L’usage des mots est essentiel en politique. Utilisés de manière mécanique, ils peuvent signifier tout et son contraire. Dans sa BD Servir le peuple, Inker démontre comment des mots révolutionnaires peuvent, à l’identique, être des mots de la contre-révolution. Voyage au pays de Mao : passionnant et effrayant.
Le Petit Livre Rouge est un livre pour la révolution. Il a été écrit par Mao Zedong.
Le grand livre rouge Servir le peuple est un livre contre révolutionnaire. Il est dessiné par Alex.W. Inker.
Pourtant, ce dernier n’aurait pu exister sans le premier. Directement inspiré du roman éponyme de Yan Lianke, Servir le peuple raconte l’histoire de Petit Wu, très modeste paysan chinois, qui engagé par des promesses faites à sa mère, à son « père » comptable et beau-père, à sa femme, à son instructeur, à son pays, veut progresser dans la hiérarchie militaire et dans celle du Parti en qui il place tous ses espoirs. Servir le peuple devient son mode de pensée et sa clé pour ouvrir les portes de son ascension.
Briller en servant le peuple, et donner sa lumière et sa chaleur ceux qu’on sert avec la même dévotion qu’on doit à ses parents.
Paysan modèle, militaire modèle, il ne se pose aucune question quant au bien-fondé de sa pensée. Un jour, devenu ordonnance d’un colonel, parti pour deux mois de sa maison, resté seul avec la jeune épouse du militaire, il va continuer logiquement à suivre la maxime sacrée en obéissant et en assouvissant tous les désirs de l’épouse.
Alors je t’ordonne de te mettre tout nu ! Pour servir le peuple, déshabille-toi.

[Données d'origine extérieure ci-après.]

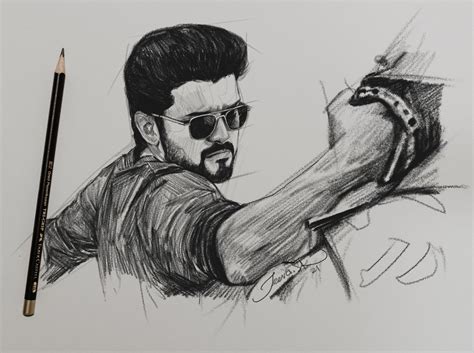 Artstation Leo Thalapathy Vijay Anna Getup Pencil Sketch 52 Off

Commence alors, par le double langage et le double sens des mots, une formidable déconstruction d’une idéologie fondée sur le pouvoir d’injonctions qui, prises au pied de la lettre, peuvent devenir contradictoires. L’absurdité règne alors en maître et finit dans une démesure totale de sacrilèges en sacrilèges.
Yan Lianke, qui a vécu de l’intérieur ce cheminement puisqu’il fut lui même militaire et écrivain officiel de l’armée avant d’être censuré pour des écrits jugés subversifs, raconte à merveille ce processus d’abêtissement propre à toute dictature. Pris dans un engrenage où la réflexion est d’abord absente, le Petit Wu s’approprie alors ses mots, mille fois répétés, pour laisser libre cours à ses véritables envies. Les tabous sont renversés les uns après les autres dans une nouvelle logique qui échappe à la pensée officielle. La statuette de Mao est brisée par la revanche d’un air de liberté. Dans un huis clos oppressant, le Petit Wu et la femme du colonel jouent la partition d’une véritable tragédie shakespearienne. Les cases silencieuses rendent l’ambiance sourde et le grand talent d’Alex W.Inker est de restituer la théâtralité du récit par des personnages raides, larmoyants à l’excès avec des expressions figées et excessives, à la manière d’un drame japonais. S’appropriant tous les styles graphiques, Inker abandonne le noir et blanc somptueux de son remarquable Panama Al Brown, pour griffer les pages de couleurs révolutionnaires dominées par le rouge et le vert. On croirait regarder des estampes chinoises que magnifie une fin dramatique et forte.
Poursuivant sa politique éditoriale d’adaptations en BD d’œuvres littéraires plus ou moins connues et d’objets uniques et soignés (les couvertures sont superbes), Sarbacane défriche avec succès des récits que le talent des dessinateurs enrichit. Si voulez, à votre tour servir le peuple, lisez cet ouvrage ! Ou pas…. Car n’oubliez jamais que les mots peuvent avoir un double sens.
BD Servir le peuple. Scénario et dessin d’Alex W. Inker d’après le roman de Yan Lianke. Éditions Sarbacane. 216 pages. 28 €. Couverture cartonnée soft touch, or à chaud.
L’illustrateur ALEX W. INKER
Diplômé en 2006 de l’Institut Saint-Luc de Bruxelles en Bande dessinée, et titulaire d’un Master 2 de cinéma. En plus de son activité de dessinateur auteur, il a été professeur à l’université de Lille 3 où il enseignait les liens entre cinéma et BD. Il est l’auteur talentueux des très remarqués APACHE en 2016 et Panama Al Brown (plus de 6000 ex. vendus), deux BD publiées chez Sarbacane. Il vit à Lille.
L’auteur Yan Lianke est né en 1958. Il s’engage dans l’armée pour échapper à sa condition de paysan, puis débute sa carrière d’écrivain en 1978. Ses romans et ses nouvelles lui ont valu d’obtenir de nombreuses récompenses littéraires, parmi les plus prestigieuses.